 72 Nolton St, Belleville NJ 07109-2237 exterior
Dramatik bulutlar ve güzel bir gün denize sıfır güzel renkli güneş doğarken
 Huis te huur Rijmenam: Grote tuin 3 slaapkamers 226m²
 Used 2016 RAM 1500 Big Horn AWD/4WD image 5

==

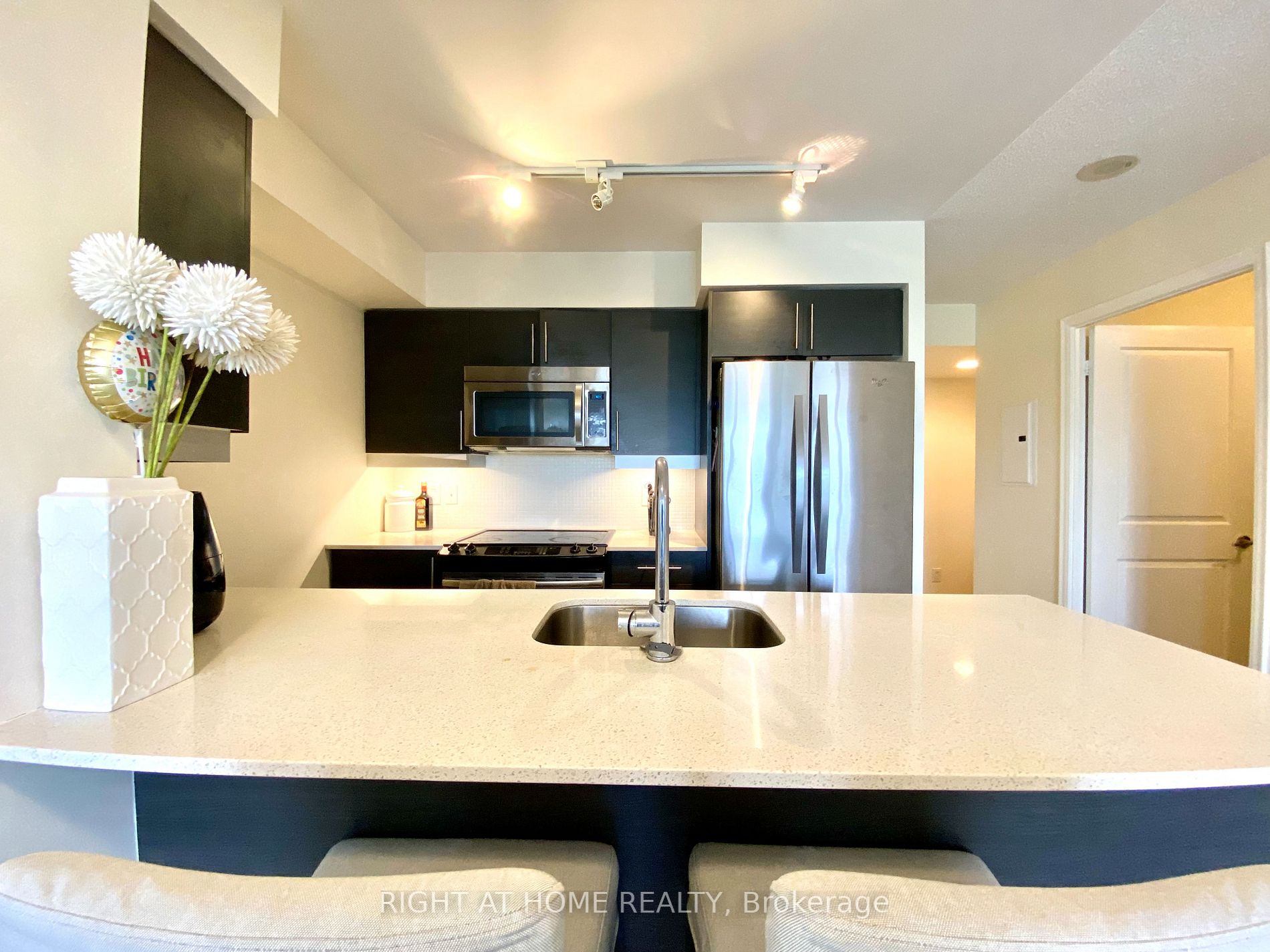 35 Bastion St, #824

◆ To do: The lines above from the one with "Huis te huur" through the one with "Used 2016 RAM 1500 Big Horn AWD/4WD image 5" are to be duplicated exactly, ends included, with nothing added.

◆ Exercise answer:
 Huis te huur Rijmenam: Grote tuin 3 slaapkamers 226m²
 Used 2016 RAM 1500 Big Horn AWD/4WD image 5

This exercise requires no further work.